Born Oct. 1, 1878, in Vienna; died July 8, 1950, in Neustift, Burgenland. Austrian idealist philosopher who developed the concept of wholeness; sociologist and economist.

Spann was a professor at the university in Brunn (Brno) from 1909 to 1919 and at the University of Vienna from 1919 to 1938. Following in the philosophical tradition of Plato, medieval realism, and German classical idealism, Spann tried to construct a philosophical-sociological system of “neoromantic universal-ism.” One of its basic positions was that the whole in its essence precedes the parts; the parts are an expression, a mediation, of the whole; the whole, divided into pieces, conditions the existence of the parts. For Spann, wholeness is the original reality, in which causality does not function. The causal understanding of objects, as Spann proposes, is only possible based on the false assumption that the parts exist before the whole. Spann rejected atomism and materialism, claiming that they were intrinsically mechanistic.
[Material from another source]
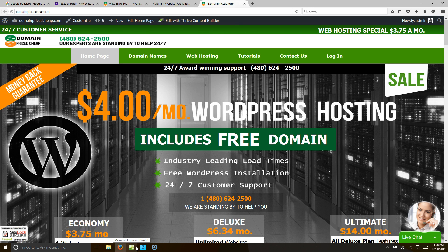Hello everybody, welcome to CreatingWebsite.org where our mission is to teach you how to create a website. Today I want to walk you through the process of updating our slider. This is behind the scenes raw footage — we like to give you raw footage sometimes of us updating our website, so that's what I want to do today.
In his understanding of the essence of life, Spann was close to the vitalist views of H. Driesch.

Spann gave the central place among social institutions to the state, claiming that it had always existed and merely changed its form. Spann advocated the ideal of a social structure based on arbitrary distinctions and an extremely strict hierarchy, whose features largely reproduce those of the Hindu caste system and the medieval guilds.


Gesamtausgabe, vols. 1–22. Graz, 1963.


Dunkmann, K. Der Kampf um Othmar Spann. Leipzig, 1928.
Räber, H. Othmar Spanns Philosophie des Universalismus: Darstellung und Kritik. Jena, 1937.